In 2009, directors John Torres and Frosti Runolfsson, participants in DOX:LAB which endeavors to partner Scandinavian filmmakers with Middle-Eastern, Asian or African filmmakers for a film project, ventured into rural Antique to document the hudas-hudas, a practice done in a small town in the province every Black Saturday where an effigy of Judas is hanged and burned in the town center. Mapang-akit, assembled from footage that was unused for the documentary, may be accused as a mere product of afterthought. Fortunately, it is as gorgeous as it is anomalous, an alluring and exhilarating mix of communal and personal mythology, of documentary filmmaking and fictional storytelling, and finally, of the overtly banal and the subtly sublime.

Mapang-akit owes much to Torres’ creative process in Ang Ninanais (Refrains Happen Like Revolutions in a Song, 2010), where he made use of footage gathered while shooting in Panay Island.
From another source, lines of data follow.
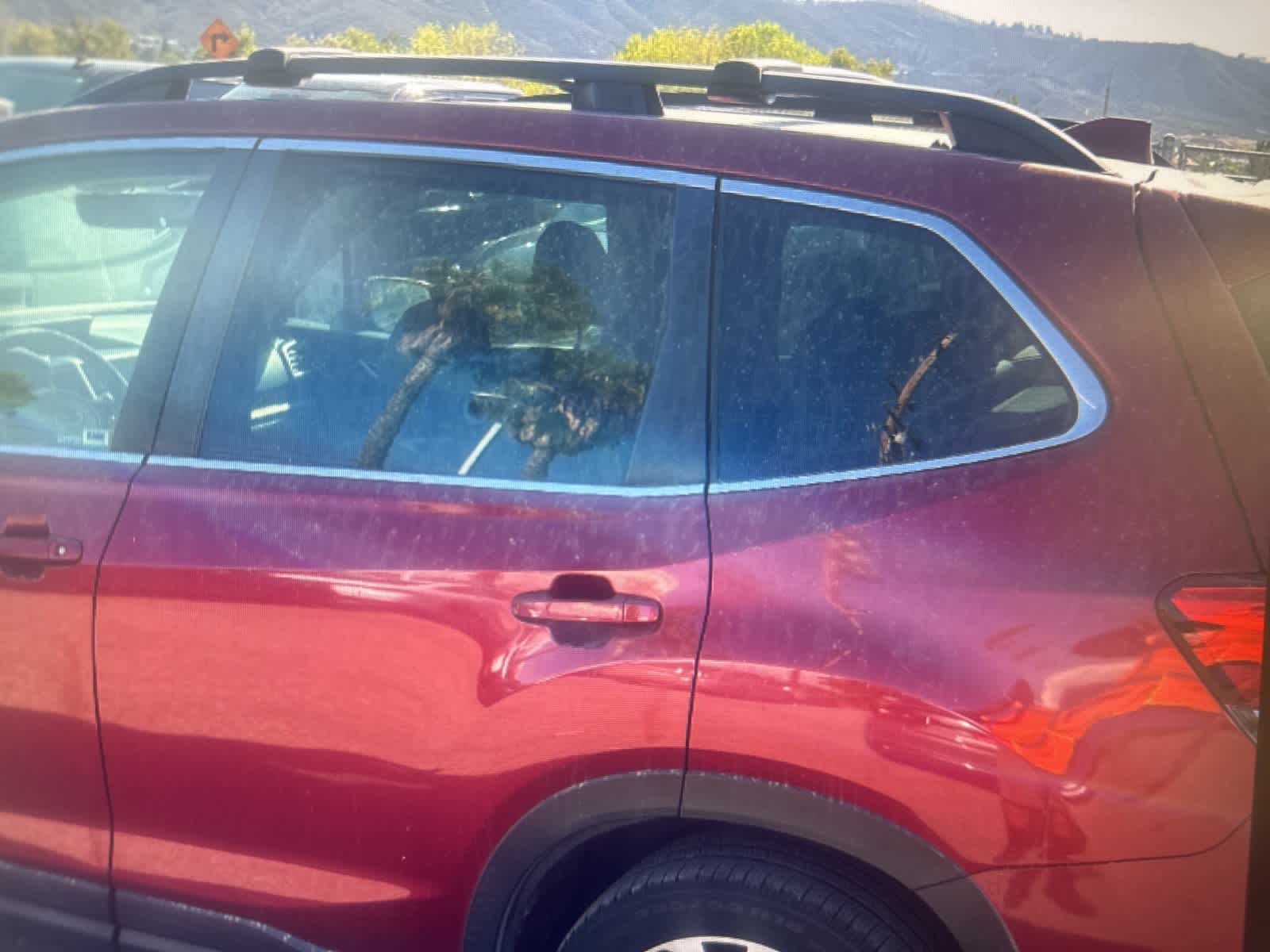 Thumbnail: 2020 Subaru Forester - 3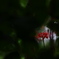 彼岸の紅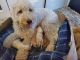 Goldendoodle Puppies for sale in Monroe Center, IL 61052, USA. price: NA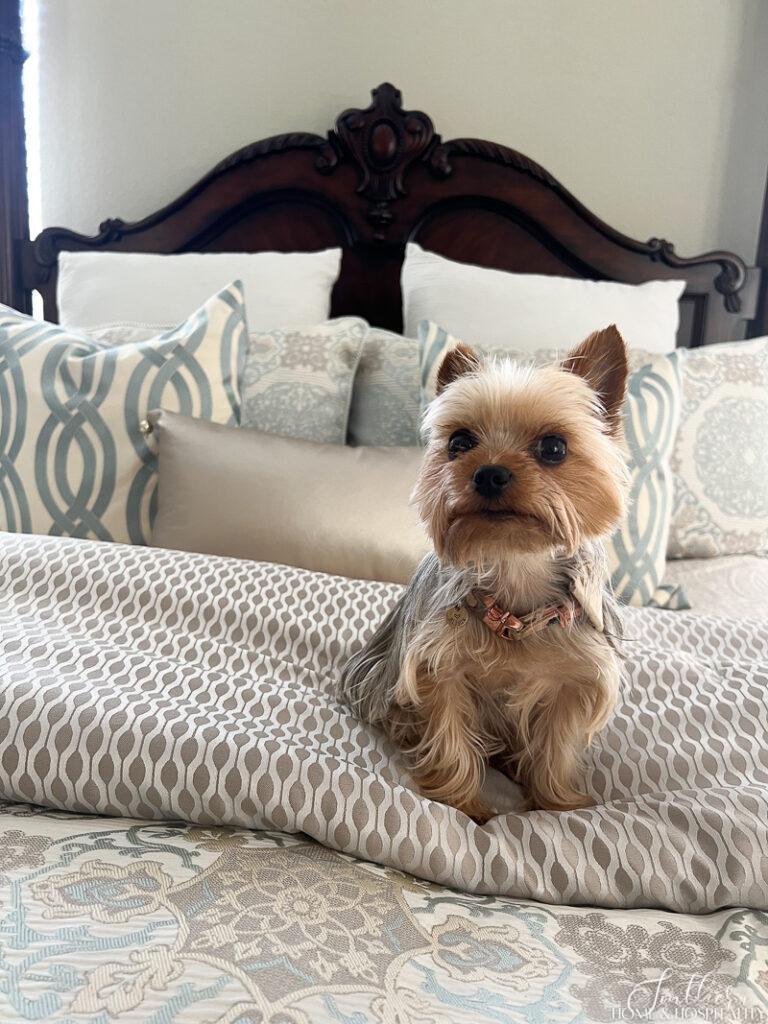 Yorkie dog sitting on bed comforter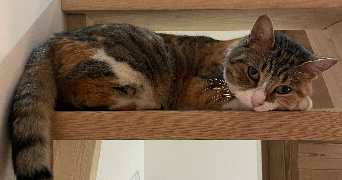 lise pet sitter à LYON 07 69007_1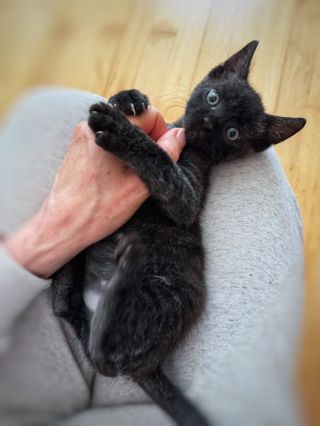 Péťa je jediný přeživší z vrhu koťátek, která o maminku přišla a majitel nám přivezl koťátka s prosbou o záchranu. Péťův...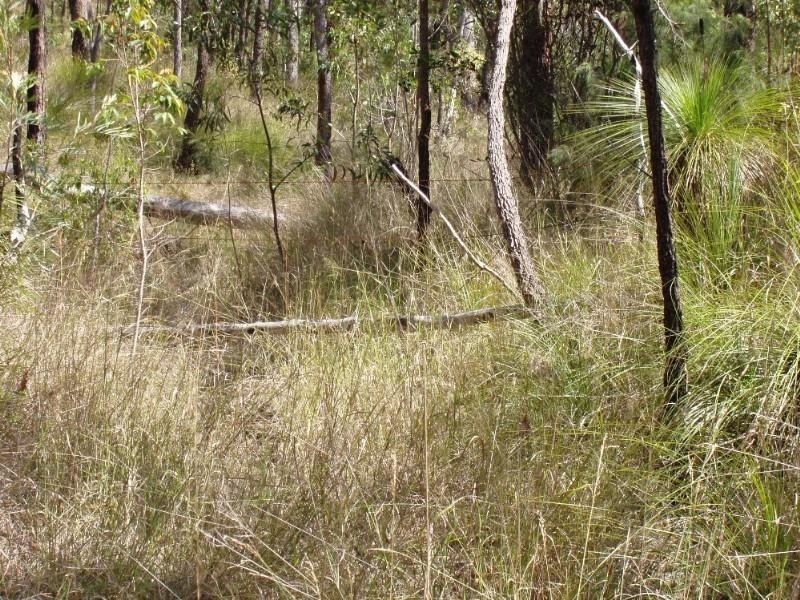 Captain Creek QLD 4677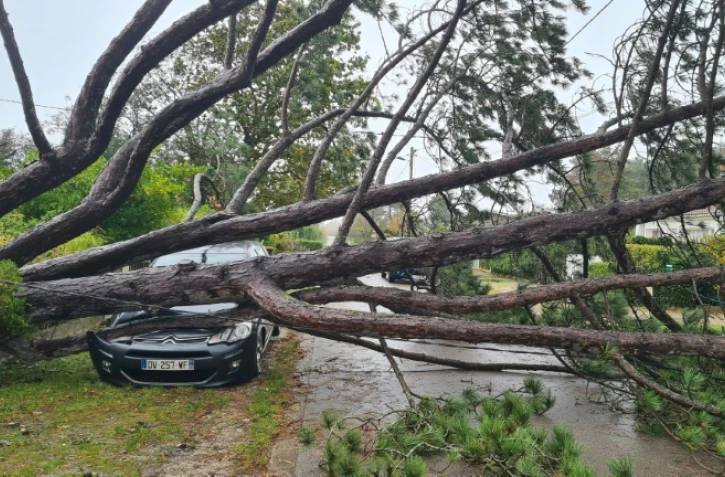 Un arbre tombé sur une voiture après le passage de la tempête Ciaran, le 2 novembre 2023 au Touquet, dans le Pas-de-Calais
Everything, from people, stories, history, and language become separate components that are assembled to complete a whole that while reminiscent of its individual parts is clearly and convincingly different. Interestingly missing in the film however are Torres’ voice-over and poetry, marking a movement for Torres towards a storytelling style where he does not feature as a main element. What essentially remains is an idea that is just as personal as all the other ideas that populated all of his shorts and features, germinated from local myths and realized through astute artistry into a dazzling portrait of a woman adored and envied for her beauty and scorned for her being.
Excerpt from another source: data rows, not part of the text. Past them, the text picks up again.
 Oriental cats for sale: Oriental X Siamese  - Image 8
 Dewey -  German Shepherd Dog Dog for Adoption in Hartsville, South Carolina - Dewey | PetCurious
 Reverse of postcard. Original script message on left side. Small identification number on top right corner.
It is a lovely-looking film, relatable considering that what Torres primarily captures are random images of provincial life, but enveloped by some sort of supernatural gleam. People talk. Their discussions are kept secret, even to Torres, by the foreignness of their spoken dialect. With only the rhythms and melodies of what is heard from the villagers, Torres tells a very loose story of an alluring woman who has enchanted local men who mysteriously die through subtitles that do not correspond with what is actually being said.

Mapang-akit benefits much from the randomness of how things unfold, which seems rooted to the film’s formerly documentary intentions. The camera is curiously observant, reacting to the most delicate of details like the sudden gush of wind, the musical invites of a passing ice cream vendor, a random carabao that becomes curiously attracted to the act of being recorded on film. There is always that sense of being within the film as opposed to being mere unaffected onlookers, making the film unusually compelling despite the seeming mundaneness of everything.

While it is unavoidable that ethical questions are raised since the subjects are not actors who are portraying fictional characters, Torres never claims to tell the truth as most of the world normally sees it. Truth, after all, is sometimes overrated, especially when heartlessly removed from what should be a truly personal experience. Instead, he paints very personal dreams and visions on a canvas made from the visual and aural landscapes of hid footage, making the province’s dormancy irresistibly seductive and its unravelling mysteries oddly romantic.